In order to examine the effects of mechanisation and automation on work it’s useful to look at the GDP as a measure of output per person and whether technology increases productivity. Figure 1 shows how for much of history productivity existed in a Malthusian economy (also referred to as the Malthusian Trap) of being linked to population growth (Malthus, 1798). The Malthusian Trap describes how any increase in productivity (measured by GDP) led to an increase in population, which resulted in decreasing the GDP per capita, thus sustaining a constant level of productivity. This idea is widely accepted as explaining the linear economic progress prior to the introduction of technology and social change of the industrial revolution.

Figure 1. Source: “Statistics on world population, GDP, per capita GDP, 1-2008 AD, Angus Maddison: IMF

The introduction of technology into the manufacturing processes in England and the United States of America in the eighteen century is widely accepted as being linked to the industrial revolution which took economic progress from being linear to enabling society to escape from the Malthusian trap and enabling greater output to be achieved with the same number of workers.

Contrary to the technological explanation for the onset of the industrial revolution, there is the idea that it may have been caused by social mobility (Clark, 2007). An analysis of wills showed that the wealthy had more offspring than the poor, and that this increasing upper class population disseminated it’s values across society, including education and saving for investment in capital resources (Baumol, 2002). 

Although the causes of the industrial revolution are multiple and complex, and not solely limited to technology, the introduction of technological advances had a huge effect on the workers of the time. New technologies required skilled workers to install, operate and maintain the machines, and this demand for scarce skilled labour increased labour costs between 1800 and 1900 (core-econ.org), which resulted in an increase in capital investment to reduce labour costs.

Machines then, became labour-saving devices and mechanisation threatened jobs, disrupted entire sectors, and caused shifts in the production processes of every industry. But the effects were not the same or equal across all industries, sectors, and roles. Frey and Osborne (2013) illustrated in the shifting of certain production processes in the nineteenth century from artisan shop to steam powered factory increased the number of workers required but deskilled those workers through breaking the work into small, specialised sequences. Where the electrification of factories was introduced, more machinery could be utilised to automate production processes, resulting in a demand high skills in the production workers and an increase in the share non-production workers also employed (Goldin and Katz, 1998). In 1913, when Henry Ford introduced continuous-flow production the assembly lines were designed to around unskilled workers (Frey and Osbourne, 2013). 
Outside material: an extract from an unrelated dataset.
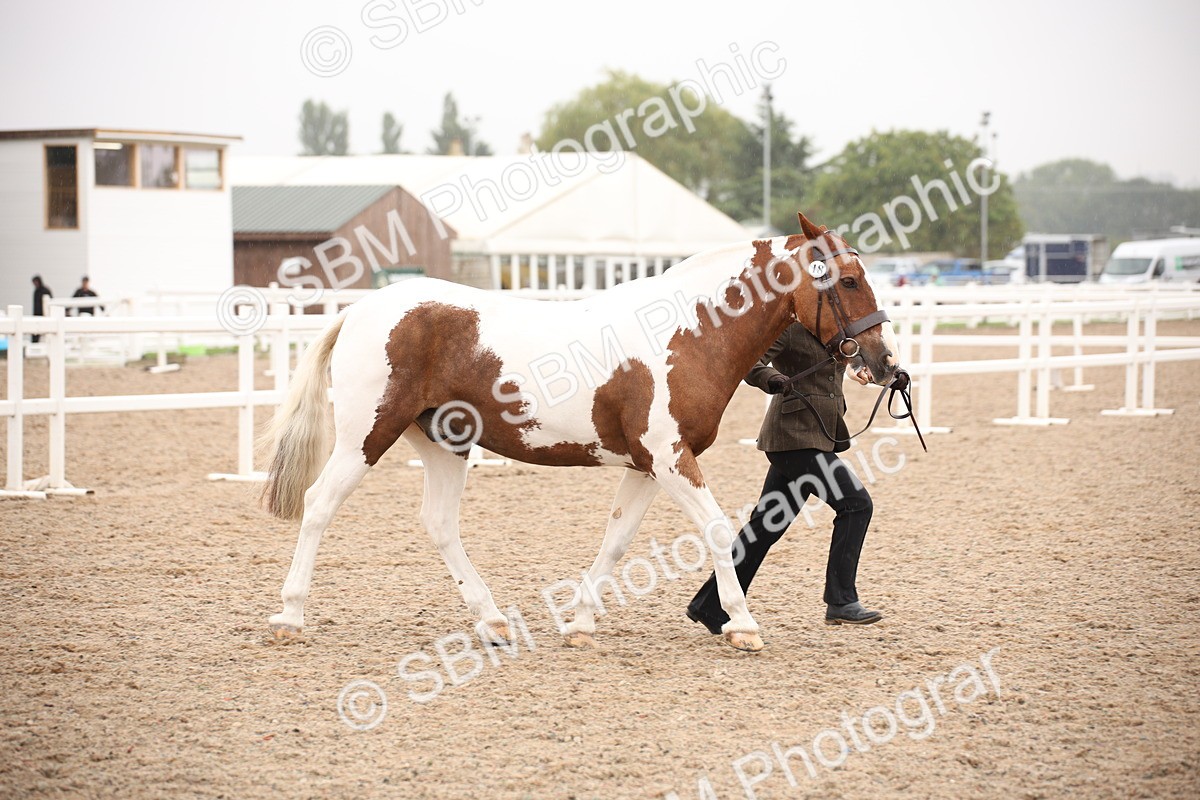 SBM_20125 - Class 702 - IH  Show Horse Pony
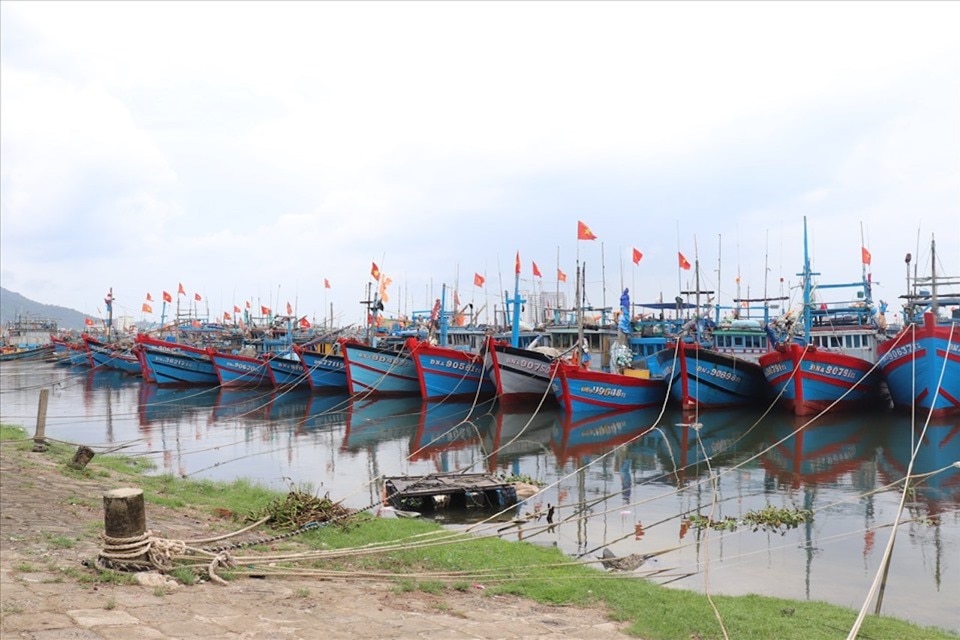 Tàu thuyền neo đậu ven biển miền Trung.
Demand for educated workers

Education and technology had to keep pace. The introduction of new technologies into the workplace resulted in demand for technologically-proficient workers to operate the new technologies. Without sufficiently educated and skilled workers the technology would fail to produce the expected productivity gains. These educated workers demand higher wages, increasing the labour costs and so driving further investment in capital and adoption of mechanisation and automation technologies. (Goldin and Katz 1995).

These examples show that the effects of mechanisation of the workplace was not as simple as machines replacing people. One interesting effect, for the purposes of this essay, is that industrial revolution technology had a profound and complex impact on productivity and employability (Baumol, 2002) through the increase in labour-saving machinery that created a demand for educated and skilled workers, and so increased labour costs fueling the introduction of further labour cost-reducing technologies.

New Growth theory, with its emphasis on knowledge creation and entrepreneurship, argues that physical assets such as capital (machinery) can only produce limited growth but that knowledge is an intellectual asset that enables increased productivity (Mankiw, Phelps & Romer. 1995) as knowledge is non-rival and non-excludable, meaning the value extracted is not restricted by the value of the asset. The endogenous model better explains how productivity can increase than the exogenous model informing Solow’s argument that productivity can increase purely through capital accumulation and technical progress (Solow. 1956), which seems to fall foul of the trap of introducing labour-saving machinery to reduce labour cost, but creating a demand for educated and skilled workers, and so increasing labour costs driving the introduction of further labour cost-reducing technologies.

Does automation affect all jobs equally?

If we equate the knowledge that Mankiw, Phelps and Romer refer to with skills and abilities of being employable (as per our definition above) we can consider how the automation of work affects workers of different skill levels. Frey and Osbourne found 47% of US employment are “at risk should these technologies materialise”.

  • Routine manual work (e.g. assembly line worker), and routine non-manual work (e.g. book-keeper) required low and middle education levels respectively, and both would suffer a decrease in demand as automation substitutes these workers.
  • Non-routine manual work (e.g. janitor) is likely to see no change in demand as automation does not perform non-routine tasks.
  • Non-routine non-manual work (e.g. lawyer) is likely to experience an increase in demand with automation being a strong complementary (Frey and Osbourne, 2013).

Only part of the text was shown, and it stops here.